Automic Workload Automation

 View Only
  • 1.  Recurring problem with server processes (12.3)

    Posted Oct 23, 2020 09:04 AM
    For nearly a month, we have been experiencing sporadic outages with our UC4 server. The outage first manifests as a slowing and unresponsive AWI, and then eventually a large number (but not all) of the UC4 agents disconnecting all at once. The agents remain up and running the whole time, but they begin showing up as inactive in the UI and all their jobs begin to fail/fail to start. If this is not responded to quickly, more agents disconnect, and eventually the AWI becomes inaccessible with an error message stating that the CPs are unavailable:



    We have tried a shutdown of the UC4 server processes to fix the issue, and when doing so, found that some of the CP processes will not terminate gracefully and must be terminated abnormally to get them to stop. It has been different CPs with this issue, but CP1 appears to consistently have the problem. I have sent agent, WP and CP logs to tech support but so far no smoking gun has been identified.

    Recently we've discovered that when our operations crew first notices sluggish AWI performance and a small number of agents have begun to disconnect, we can come in and quickly terminate CP1 and restart it, and performance will then improve and the disconnected agents will reconnect within 10 minutes.

    Has anyone else experienced this issue or anything similar?

    Here is a summary of our landscape:

    1 UC4 Server (16 CPUs, 50GB memory) on a RHEL 7 VM
    1 Database backend (Oracle 12c) on AIX
    Approximately 360 agents of multiple types, running on different platforms.

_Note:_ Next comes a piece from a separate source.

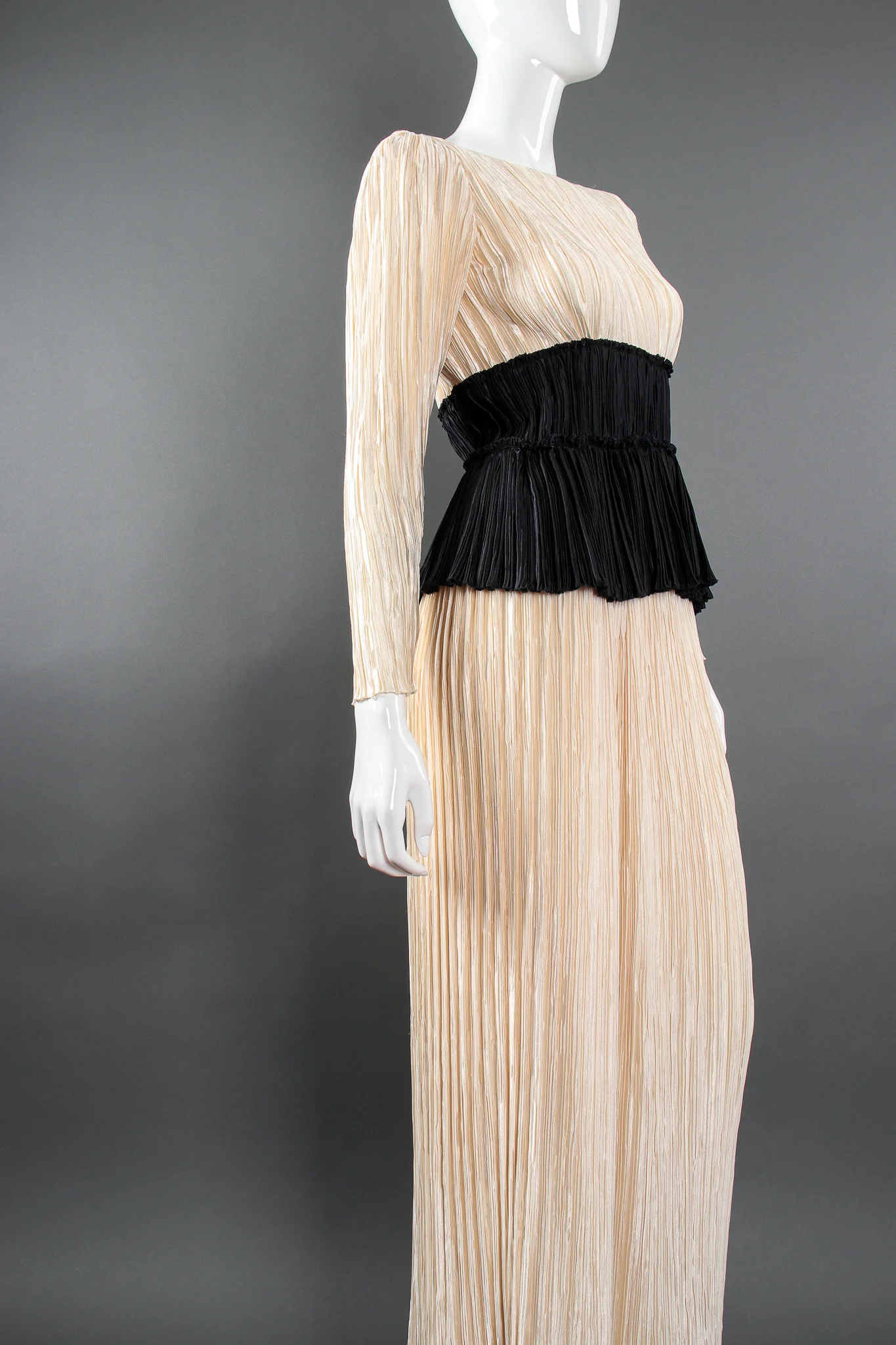 Pleated Peplum Top & Skirt Set - Image 3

Mostly 12.3.2 agents, a few still 11.2 (our last version) and in the process of getting upgraded. (The outage issue affects agents whether they are upgraded or not.)



  • 2.  RE: Recurring problem with server processes (12.3)

    Posted Oct 23, 2020 12:35 PM
    We had agent disconnects that were caused by a scheduled VM backup of our server.  The backup had to stun the server for a few seconds when it was deleting the snapshot.  We never saw a need to recycle CPs though and everything reconnected automatically a few seconds later.  We are a small shop with very few agents.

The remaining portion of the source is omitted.